◆ **TASK DIRECTIONS**
Restate word for word the material below, starting at the line that contains "Essential Elements for" and stopping after the last line; skip pictures.

◆ **SUPPLIED RECORDS**
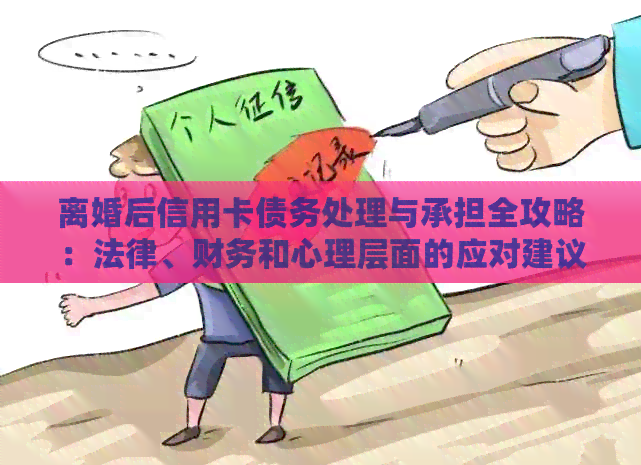 离婚后信用卡债务处理与承担全攻略：法律、财务和心理层面的应对建议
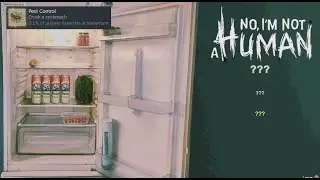 No, I'm Not A Human - Pest Control Achievement! Details In The Description!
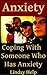 Anxiety: Coping With Someone Who Has Anxiety (Anxious Spouse, Friend or Family Member Book 1)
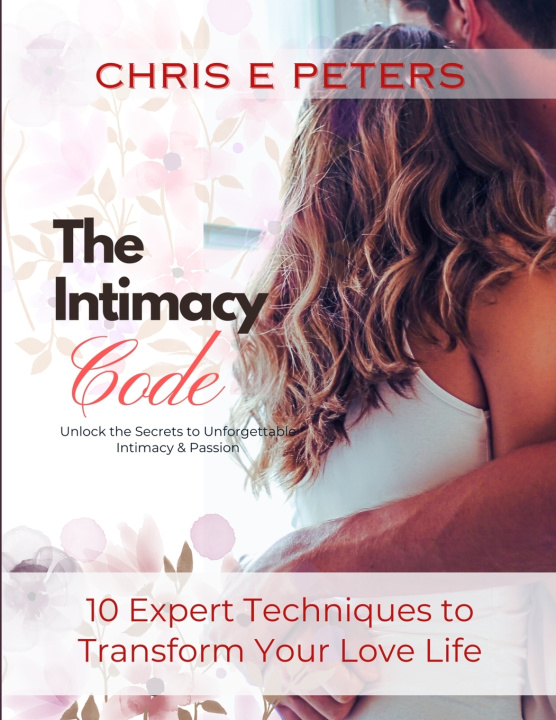 Knjiga The Intimacy Code Chris E Peters
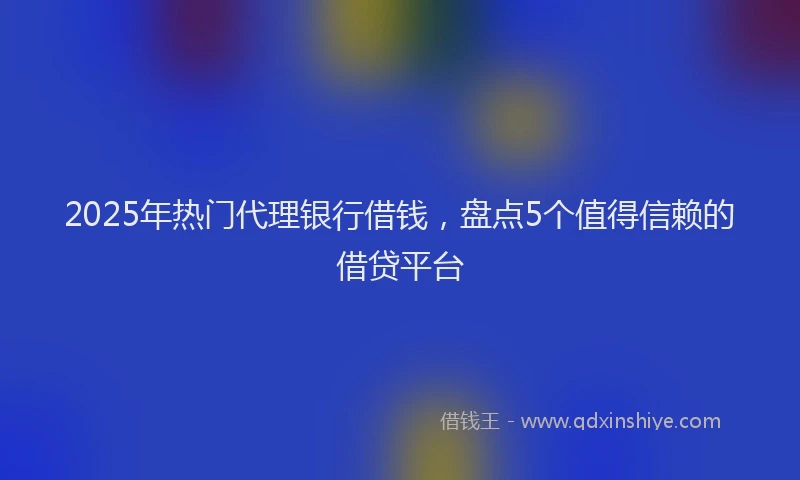 2025年热门代理银行借钱，盘点5个值得信赖的借贷平台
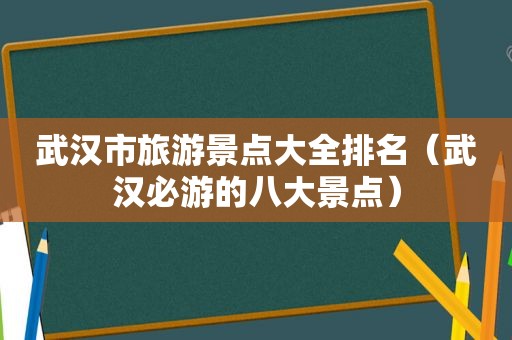 武汉市旅游景点大全排名（武汉必游的八大景点）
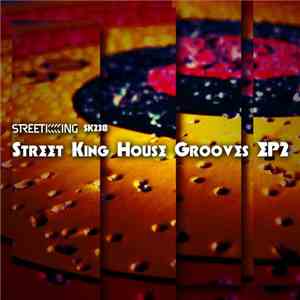 Various - Street King House Grooves EP 2 FLAC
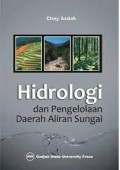 Hidrologi : dan Pengelolaan Daerah Aliran Sungai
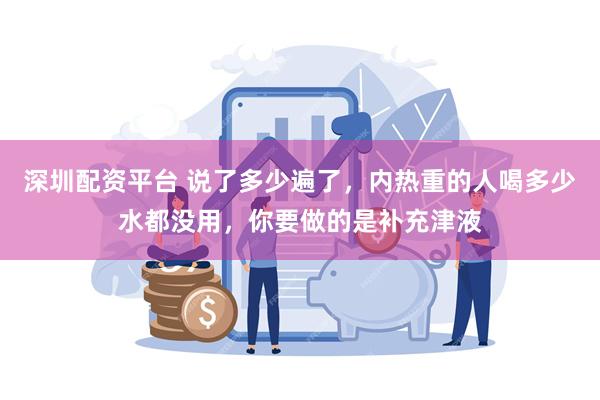 深圳配资平台 说了多少遍了，内热重的人喝多少水都没用，你要做的是补充津液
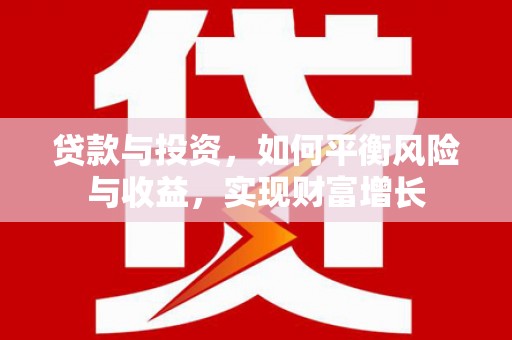 长岭贷款与投资，如何平衡风险与收益，实现财富增长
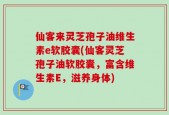 仙客来灵芝孢子油维生素e软胶囊(仙客灵芝孢子油软胶囊，富含维生素E，滋养身体)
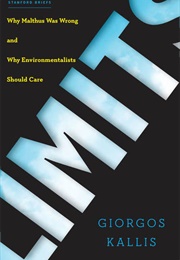 Limits: Why Malthus Was Wrong (Girogios Kallis)
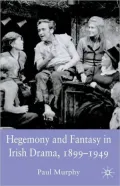 Hegemony And Fantasy In Irish Drama, 1899-1949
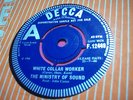 EX+ UK DECCA DEMO 45 - THE MINISTRY OF SOUND - WHITE COLLAR WORKER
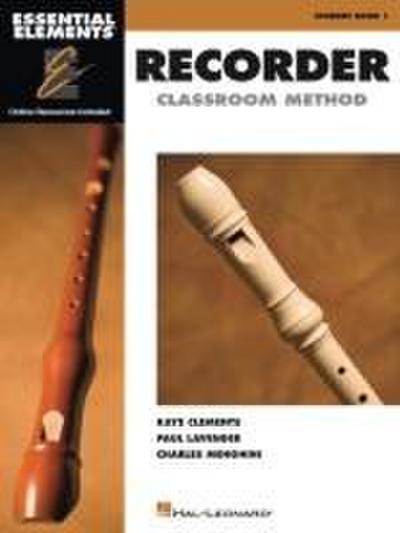 Essential Elements for Recorder Classroom Method Student Book 1 130 Songs Sheet Music with Online Audio and Video Recorder Songbook Hal Leonard Beginner Instruction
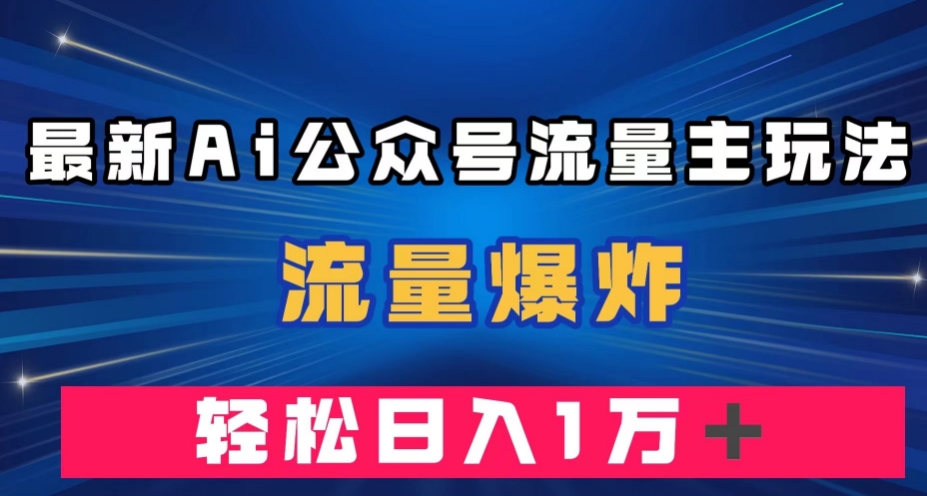 最新AI公众号流量主玩法，流量爆炸，轻松月入一万＋【揭秘】| 网创圈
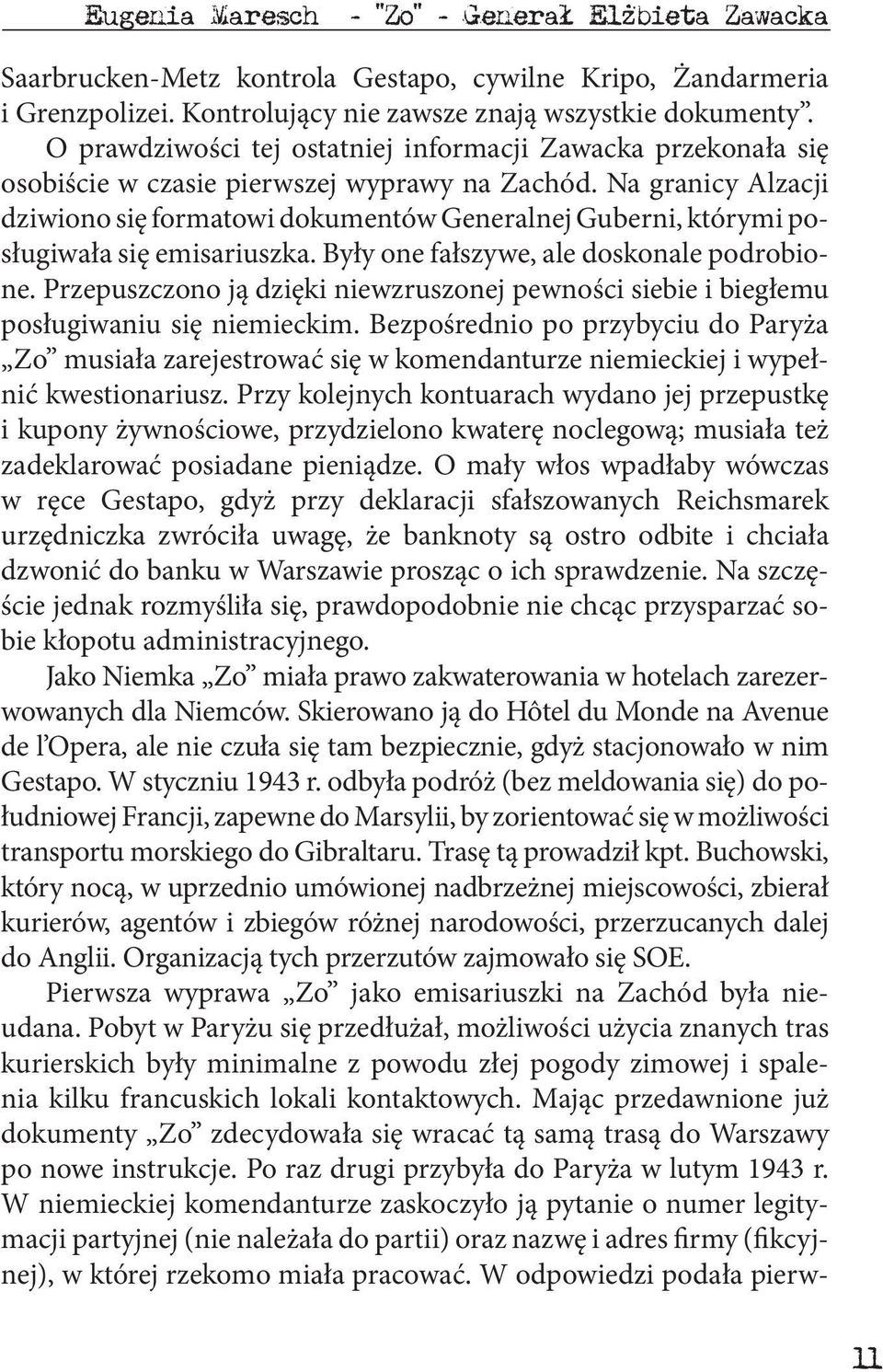 Na granicy Alzacji dziwiono się formatowi dokumentów Generalnej Guberni, którymi posługiwała się emisariuszka. Były one fałszywe, ale doskonale podrobione.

◆ **WRITTEN SOLUTION**
 Essential Elements for Recorder Classroom Method Student Book 1 130 Songs Sheet Music with Online Audio and Video Recorder Songbook Hal Leonard Beginner Instruction
 最新AI公众号流量主玩法，流量爆炸，轻松月入一万＋【揭秘】| 网创圈
 Na granicy Alzacji dziwiono się formatowi dokumentów Generalnej Guberni, którymi posługiwała się emisariuszka. Były one fałszywe, ale doskonale podrobione.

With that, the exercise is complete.